Edge of Darkness


     Edge of Darkness marks the mainstream return of Oscar winner Mel Gibson. After his many tabloid disasters and rehab problems he returns to the kind of films he was making during the better part of the 1990’s. This film, from Martin Campbell who directed Casino Royale and The Mask of Zorro, looked a lot like the revenge thriller Taken with Mel Gibson when I saw the trailer. However besides the father factor they are vastly different and Edge of Darkness understands that viewers want up close and personal violence and that’s exactly what Campbell delivers. Gibson’s performance is similar to that of Paycheck or Ransom so nothing we haven’t seen before.

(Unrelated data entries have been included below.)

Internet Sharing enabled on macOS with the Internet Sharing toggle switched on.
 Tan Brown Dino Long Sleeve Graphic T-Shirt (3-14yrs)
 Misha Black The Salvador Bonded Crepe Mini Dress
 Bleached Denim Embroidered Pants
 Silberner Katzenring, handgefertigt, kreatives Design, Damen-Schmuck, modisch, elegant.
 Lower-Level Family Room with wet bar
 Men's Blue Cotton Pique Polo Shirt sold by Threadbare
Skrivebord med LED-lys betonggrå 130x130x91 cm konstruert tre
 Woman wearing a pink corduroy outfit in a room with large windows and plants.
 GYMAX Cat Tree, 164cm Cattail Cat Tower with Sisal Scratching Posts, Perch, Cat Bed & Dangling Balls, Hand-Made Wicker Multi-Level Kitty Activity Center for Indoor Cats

     Boston detective Thomas Craven (Gibson) was looking forward to spending a weekend with his 24 year old daughter Emma, but after her arrival she begins throwing up and reluctant to tell her father what’s wrong. Before she has the chance she is murdered as Thomas is trying to get her to the hospital. Filled with rage, confusion and questions Thomas begins opening doors that certain people want closed. He soon learns that his daughter was involved with a project dealing with national security and she was killed to protect their interests. Thomas will stop at nothing to find his daughter’s killer and finish the work his daughter died for.

     The movie understands that they have to suck the audience in from the beginning which is why they bypass too much character building and use the daughter’s violent and disturbing death to beg the audience to keep watching. The plot while old fashioned then turns into an investigate thriller that on the surface seems complicated and never ending but the film turns to a quick resolution to end the story. In some ways the script could be compared to Gibson’s film Conspiracy Theory just without the comedic undertones.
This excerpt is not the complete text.